Review: An Impossible Love

A film for women, about women, An Impossible Love is a powerful reminder of the dangers of toxic masculinity
Review: An Impossible Love
Virginie Efira strikes a wonderful balance between strength and weakness as Rachel. Photo: Cinemania film festival @ Wikimedia Commons

At first, An Impossible Love feels like a fairly typical love story; boy meets girl in seemingly serendipitous circumstances and they spend a passionate summer together in the French town of Châteauroux during the 1950s. This air of romance is enhanced by the summery settings and soft focus of the camera, making Corsini’s subsequent shattering of this fantasy even more catastrophic.

The narrative takes place over the course of roughly 50 years, and follows the blossoming relationship between Rachel (Virginie Efira) and Phillipe (Niels Schnieder) and their lives following the birth of their daughter, Chantal, who provides the narrative of the film from her adult perspective.

Schnieder’s portrayal of Phillipe is necessarily complex. His treatment of Rachel at the beginning of their relationship is gentle, but with a condescending edge that is noticeable yet somewhat forgivable. As the story develops, his narcissistic tendencies become more prominent – it is these tendencies that he uses to inform his attempts to completely shatter the relationship between Rachel and their daughter. When the true abhorrence of his actions are later revealed, it is shocking, yet it fits in with the puzzle pieces we have already been given when building up Phillipe’s character.
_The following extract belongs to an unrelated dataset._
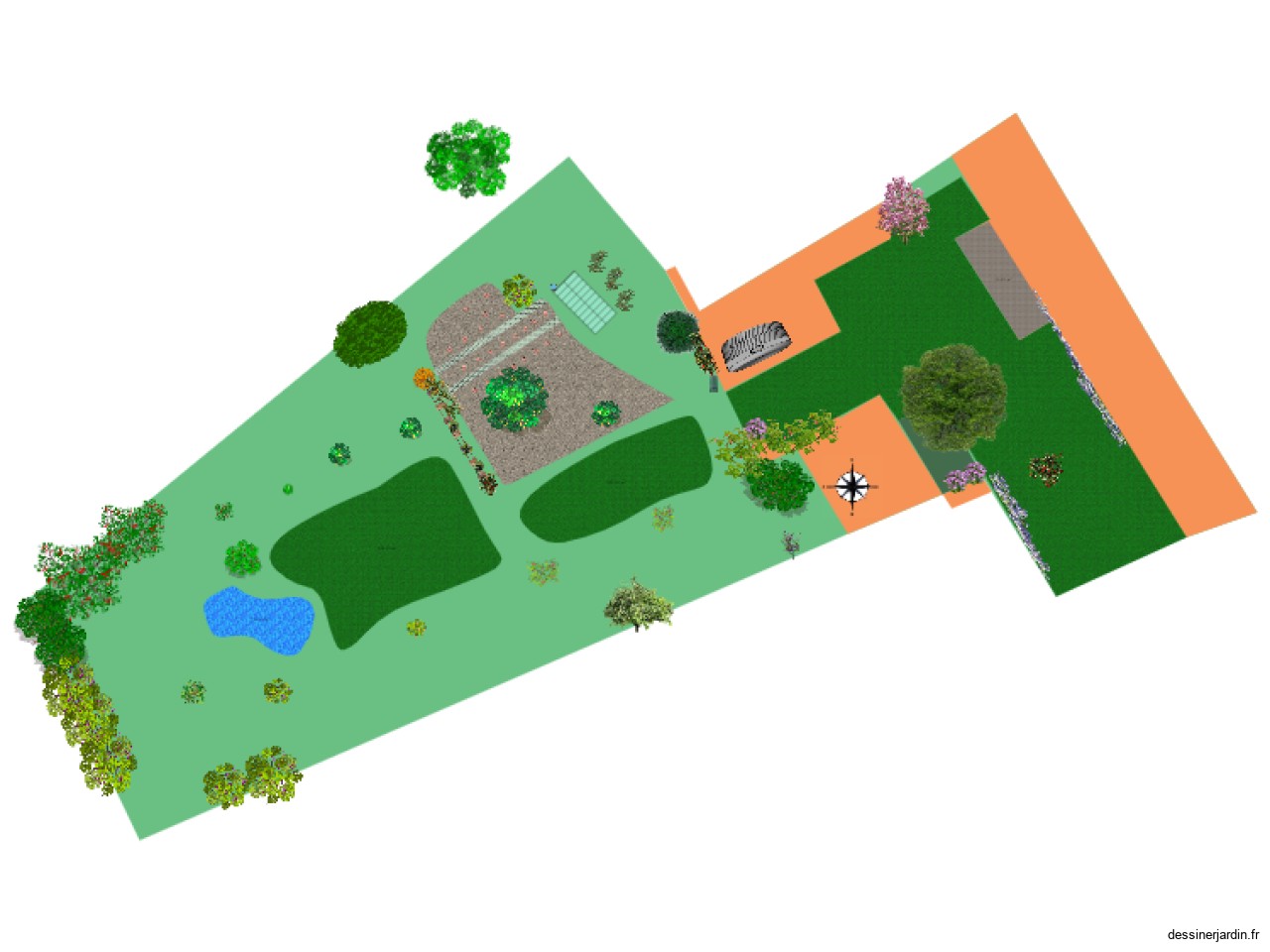 Jardin Arcy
The true power of this film is through the development of the two central female characters, who are in many ways, at the mercy of Phillipe’s actions. Both Rachel and Chantal’s lives are very much informed by the way they have been treated by Phillipe. As Rachel, Virginie Efira strikes a beautiful balance between strength and weakness that makes her relatable but not an object for our sympathy. This is reflected in the performances of both Estelle Lescure and Jehnny Beth – who portray Chantal in her adolescent and adult years respectively. All three effectively portray the ebb and flow of the relationship between Rachel and Chantal, which makes the characters eventual reunion in a busy French café an even more beautiful and uplifting close to the film.

Catherine Corsini’s latest offering is a film for women, about women. It’s a warning of the insidious nature of toxic masculinity and its potential destructiveness if left unrebuked. This is a message we need in the aftermath of #metoo; a reminder that a woman’s stories need to be heard, and that as women united we stand, divided we fall. It is a love story, but it is one about the love between a mother and a daughter and it is a wonderful reminder of how toxic masculinity will be defeated by the strength of the love between women, a bond that pervades the generations.